Using power series, compute: $\sum\limits_{n=1}^{\infty}\frac{n}{2^n}$

Question

Possible Duplicate:
How can I evaluate $\sum_{n=0}^\infty(n+1)x^n$?

I need to compute the sum of $$\sum_{n=1}^{\infty}\frac{n}{2^n}$$ using power series.

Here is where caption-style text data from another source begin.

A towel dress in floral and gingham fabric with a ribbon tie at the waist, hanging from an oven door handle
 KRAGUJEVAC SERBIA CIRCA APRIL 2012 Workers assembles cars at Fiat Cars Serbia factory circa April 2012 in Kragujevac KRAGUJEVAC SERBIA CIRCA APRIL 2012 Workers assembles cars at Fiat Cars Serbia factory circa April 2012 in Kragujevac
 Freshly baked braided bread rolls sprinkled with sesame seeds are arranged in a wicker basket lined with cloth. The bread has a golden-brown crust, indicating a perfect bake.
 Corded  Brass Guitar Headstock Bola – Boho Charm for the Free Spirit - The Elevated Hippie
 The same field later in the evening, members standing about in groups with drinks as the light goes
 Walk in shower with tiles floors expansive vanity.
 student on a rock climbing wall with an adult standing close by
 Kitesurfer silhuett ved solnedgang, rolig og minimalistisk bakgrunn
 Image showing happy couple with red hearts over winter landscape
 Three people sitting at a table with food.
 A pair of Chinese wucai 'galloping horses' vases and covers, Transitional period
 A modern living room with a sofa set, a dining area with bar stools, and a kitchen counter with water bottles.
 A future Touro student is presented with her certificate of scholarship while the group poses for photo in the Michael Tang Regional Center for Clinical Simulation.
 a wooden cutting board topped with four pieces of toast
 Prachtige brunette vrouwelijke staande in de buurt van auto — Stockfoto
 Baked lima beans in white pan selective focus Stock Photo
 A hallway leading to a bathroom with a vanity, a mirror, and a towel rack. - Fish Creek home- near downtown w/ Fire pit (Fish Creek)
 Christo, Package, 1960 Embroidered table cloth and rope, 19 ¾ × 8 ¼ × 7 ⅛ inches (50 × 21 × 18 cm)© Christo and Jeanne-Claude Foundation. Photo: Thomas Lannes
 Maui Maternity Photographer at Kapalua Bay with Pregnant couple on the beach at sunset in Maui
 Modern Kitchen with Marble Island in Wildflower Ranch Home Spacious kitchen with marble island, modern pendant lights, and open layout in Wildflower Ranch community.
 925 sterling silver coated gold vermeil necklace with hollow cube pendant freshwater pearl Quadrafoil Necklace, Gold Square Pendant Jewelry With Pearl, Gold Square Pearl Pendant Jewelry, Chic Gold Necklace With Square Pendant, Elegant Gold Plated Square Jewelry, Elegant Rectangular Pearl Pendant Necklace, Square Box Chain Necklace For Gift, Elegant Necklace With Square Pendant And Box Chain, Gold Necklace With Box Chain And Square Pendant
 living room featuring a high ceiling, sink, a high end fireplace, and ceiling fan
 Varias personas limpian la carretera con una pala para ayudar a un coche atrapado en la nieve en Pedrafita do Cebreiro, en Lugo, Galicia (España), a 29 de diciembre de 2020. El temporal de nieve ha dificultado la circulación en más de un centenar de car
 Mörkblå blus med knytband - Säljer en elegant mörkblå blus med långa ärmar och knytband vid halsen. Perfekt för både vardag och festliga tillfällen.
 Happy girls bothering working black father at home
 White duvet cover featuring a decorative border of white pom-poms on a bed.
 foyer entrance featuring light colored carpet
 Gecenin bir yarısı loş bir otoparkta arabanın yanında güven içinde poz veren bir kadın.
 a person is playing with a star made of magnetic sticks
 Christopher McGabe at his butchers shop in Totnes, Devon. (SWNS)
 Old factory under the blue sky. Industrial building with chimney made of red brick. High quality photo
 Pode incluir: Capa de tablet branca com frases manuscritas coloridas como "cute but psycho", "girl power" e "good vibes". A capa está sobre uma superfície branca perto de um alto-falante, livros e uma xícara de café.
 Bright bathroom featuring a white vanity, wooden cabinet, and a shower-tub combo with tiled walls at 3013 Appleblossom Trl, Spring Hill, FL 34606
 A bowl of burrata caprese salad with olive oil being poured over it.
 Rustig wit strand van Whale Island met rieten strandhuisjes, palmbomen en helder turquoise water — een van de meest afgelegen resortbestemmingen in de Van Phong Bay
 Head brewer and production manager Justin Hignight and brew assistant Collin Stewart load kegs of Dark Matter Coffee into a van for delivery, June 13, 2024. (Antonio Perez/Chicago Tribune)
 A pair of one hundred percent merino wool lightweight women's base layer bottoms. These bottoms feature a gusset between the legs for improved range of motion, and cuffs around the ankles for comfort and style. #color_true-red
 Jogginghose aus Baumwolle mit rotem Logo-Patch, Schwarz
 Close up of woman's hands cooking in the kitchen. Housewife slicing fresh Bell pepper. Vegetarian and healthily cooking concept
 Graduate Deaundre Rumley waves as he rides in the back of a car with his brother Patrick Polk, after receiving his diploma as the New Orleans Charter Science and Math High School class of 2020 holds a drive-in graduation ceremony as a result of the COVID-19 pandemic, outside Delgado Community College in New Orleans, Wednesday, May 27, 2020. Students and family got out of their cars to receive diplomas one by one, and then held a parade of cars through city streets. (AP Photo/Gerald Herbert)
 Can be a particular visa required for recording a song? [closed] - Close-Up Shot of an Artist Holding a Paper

Any hints of how should I do that?

Answer 1

Here's a hint. You know that $\displaystyle \frac{1}{1-x}=\sum_{n\geqslant 0}x^n$. What if you differentiated both sides?

Answer 2

Remember that $\sum\limits_{0}^{\infty}x^n = \frac{1}{1-x}$ and $$\frac{d}{dx}\frac{1}{1-x} = \frac{d}{dx}\sum_{0}^{\infty}x^n = \sum_{0}^{\infty}\frac{d}{dx}x^n = \sum_{1}^{\infty}nx^{n-1}$$ so $x\frac{d}{dx}\frac{1}{1-x} = \sum_{1}^{\infty}nx^{n}$. Using $x = 1/2$ should give you what you want.

Answer 3

So you want to compute $$S = \frac{1}{2} + \frac{2}{2^2} + \frac{3}{2^3} + \cdots$$ Now consider $$ f(x)= \frac{x}{2} + \frac{x^2}{2^2} + \frac{x^3}{2^3} + \cdots = \displaystyle\frac{\frac{x}{2}}{1 - \frac{x}{2}}$$ From here evaluate the value of $f'(1)$.